At that point, the government would have only $30 billion in cash on hand, while its daily expenditures "can be as high as $60 billion," Lew wrote in a letter to House Speaker John Boehner. In other words, the government wouldn't have enough money to pay its bills and would risk default every day thereafter.

You see variations of this formula everywhere: If we hit the debt limit, we won't be able to pay some of our bills or all our bills, or whatever, and we'll be in default, which would be catastrophic.

There's every reason to believe that defaulting on debt payments would likely cause significant disruptions in the U.S. and possibly the world economy. But hitting the debt limit is in no way the same thing as defaulting on the national debt. That's because federal debt payments come to about 6 percent of total federal expenditures—and about 10 percent of federal revenues. As long as the Treasury Department keeps making interest payments on the debt, which is likely no matter what happens, there's no default.

At the same time, federal spending would need to be cut by about 32 percent, according to the Bipartisan Policy Center. That would reduce GDP by definition, since GDP counts virtually all government spending (though not all business spending) as increasing economic activity.

If the last time is any indication, there might be interest-rate spikes—especially if the ceiling gets raised without a "credible" deal to actually reduce debt over time (recall that ratings agencies downgraded the U.S. government's credit rating after the deal that eventuated in the sequester was brokered in August 2011).

Which is the president's position. He continues to reiterate that he will allow no conditions to be placed on any debt-limit increase. It's also the position of media observers who liken the debt-ceiling talks to a "hostage-taking situation." As The Atlantic's Matthew O'Brien sums it up:

Remember, the Republicans aren't threatening economic calamity, because they want to rein in spending.

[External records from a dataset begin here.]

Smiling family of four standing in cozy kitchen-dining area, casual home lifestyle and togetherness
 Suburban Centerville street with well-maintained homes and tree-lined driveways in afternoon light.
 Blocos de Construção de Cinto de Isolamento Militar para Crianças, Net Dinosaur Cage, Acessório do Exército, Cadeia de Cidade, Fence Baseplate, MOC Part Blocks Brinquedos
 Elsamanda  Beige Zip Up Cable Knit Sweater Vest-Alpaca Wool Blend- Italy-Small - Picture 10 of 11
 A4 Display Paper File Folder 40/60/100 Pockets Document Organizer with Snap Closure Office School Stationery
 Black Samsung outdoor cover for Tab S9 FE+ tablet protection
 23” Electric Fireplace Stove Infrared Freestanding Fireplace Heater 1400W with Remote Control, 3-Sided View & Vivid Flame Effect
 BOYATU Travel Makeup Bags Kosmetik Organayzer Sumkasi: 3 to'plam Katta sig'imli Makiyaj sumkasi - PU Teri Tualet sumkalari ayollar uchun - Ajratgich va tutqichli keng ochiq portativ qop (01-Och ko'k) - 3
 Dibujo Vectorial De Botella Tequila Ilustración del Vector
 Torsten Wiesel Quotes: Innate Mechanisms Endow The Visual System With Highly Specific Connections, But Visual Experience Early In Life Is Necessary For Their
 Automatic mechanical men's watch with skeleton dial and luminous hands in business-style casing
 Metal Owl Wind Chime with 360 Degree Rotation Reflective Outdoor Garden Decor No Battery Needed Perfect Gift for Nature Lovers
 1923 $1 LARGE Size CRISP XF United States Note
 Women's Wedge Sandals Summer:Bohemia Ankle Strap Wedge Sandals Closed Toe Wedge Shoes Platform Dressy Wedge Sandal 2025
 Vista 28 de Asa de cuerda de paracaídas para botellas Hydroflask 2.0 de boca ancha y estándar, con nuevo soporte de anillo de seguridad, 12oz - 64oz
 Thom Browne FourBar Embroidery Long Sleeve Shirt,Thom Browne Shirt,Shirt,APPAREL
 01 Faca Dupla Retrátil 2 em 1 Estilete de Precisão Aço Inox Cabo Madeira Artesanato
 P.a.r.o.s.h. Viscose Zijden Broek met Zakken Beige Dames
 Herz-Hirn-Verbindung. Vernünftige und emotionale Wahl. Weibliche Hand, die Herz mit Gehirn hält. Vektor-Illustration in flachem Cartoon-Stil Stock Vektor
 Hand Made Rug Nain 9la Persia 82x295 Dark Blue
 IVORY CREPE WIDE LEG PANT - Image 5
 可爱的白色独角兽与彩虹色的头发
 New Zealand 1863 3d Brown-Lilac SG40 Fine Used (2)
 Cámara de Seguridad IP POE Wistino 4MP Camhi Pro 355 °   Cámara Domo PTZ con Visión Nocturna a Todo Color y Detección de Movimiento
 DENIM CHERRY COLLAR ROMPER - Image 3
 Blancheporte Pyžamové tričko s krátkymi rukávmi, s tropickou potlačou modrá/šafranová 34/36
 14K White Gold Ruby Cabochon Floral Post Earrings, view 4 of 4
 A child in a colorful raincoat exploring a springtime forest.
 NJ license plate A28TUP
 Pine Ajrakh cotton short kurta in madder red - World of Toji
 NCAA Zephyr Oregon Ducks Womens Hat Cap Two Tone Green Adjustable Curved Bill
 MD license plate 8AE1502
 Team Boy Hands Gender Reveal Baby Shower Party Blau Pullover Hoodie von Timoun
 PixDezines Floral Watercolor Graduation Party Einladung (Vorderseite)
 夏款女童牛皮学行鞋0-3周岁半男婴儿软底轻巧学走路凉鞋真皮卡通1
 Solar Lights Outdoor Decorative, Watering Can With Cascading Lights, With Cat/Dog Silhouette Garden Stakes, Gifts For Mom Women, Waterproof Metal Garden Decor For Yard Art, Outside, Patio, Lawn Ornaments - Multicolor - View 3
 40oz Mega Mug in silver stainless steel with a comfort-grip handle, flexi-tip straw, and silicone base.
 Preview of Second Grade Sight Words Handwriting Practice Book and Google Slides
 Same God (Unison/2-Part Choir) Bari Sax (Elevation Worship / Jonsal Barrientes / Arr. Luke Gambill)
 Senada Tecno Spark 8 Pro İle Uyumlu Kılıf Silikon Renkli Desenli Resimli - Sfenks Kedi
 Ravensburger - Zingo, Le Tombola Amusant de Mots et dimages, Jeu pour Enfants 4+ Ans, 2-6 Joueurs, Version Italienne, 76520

They're threatening economic calamity, because they want to stop poor and sick Americans from getting health insurance. That is, they want to stop Obamacare. But that obviously isn't happening as long as someone named Obama is living in the White House. The Republicans had their chance to make sure someone named Obama wasn't living in the White House in 2012, and they did not succeed. Throwing a temper tantrum won't change that, even if that temper tantrum involves holding the world economy hostage.

As I noted last week, it's true—and awful—that the GOP is not talking about cutting future spending in exchange for an increase in the debt limit. Which means the Party of Lincoln's position is the same as the president's and that of Senate Democrats: They all are willing to increase borrowing as long as they get to do so however they want. Given that "credible" plans to reduce the national debt aren't on even the table, it's no surprise that markets are already getting skittish; there's every reason to believe things will end badly even or especially if there's an increase that doesn't tackle drivers of debt. Which means that in fact all players in the debt-limit situation are taking hostages. And media observers who pick sides among them are simply suffering from ideological Stockholm Syndrome when they claim only one party is taking prisoners.

It's well past time to orient the debt-ceiling debate toward the amount of government spending in the short term and the long term. Of course politicians will use whatever they can to win whatever concessions they want. But that doesn't mean the public, not to mention the media, should simply let them bullshit their way past the graveyard. Especially since it's the taxpayers who will be paying for the funeral.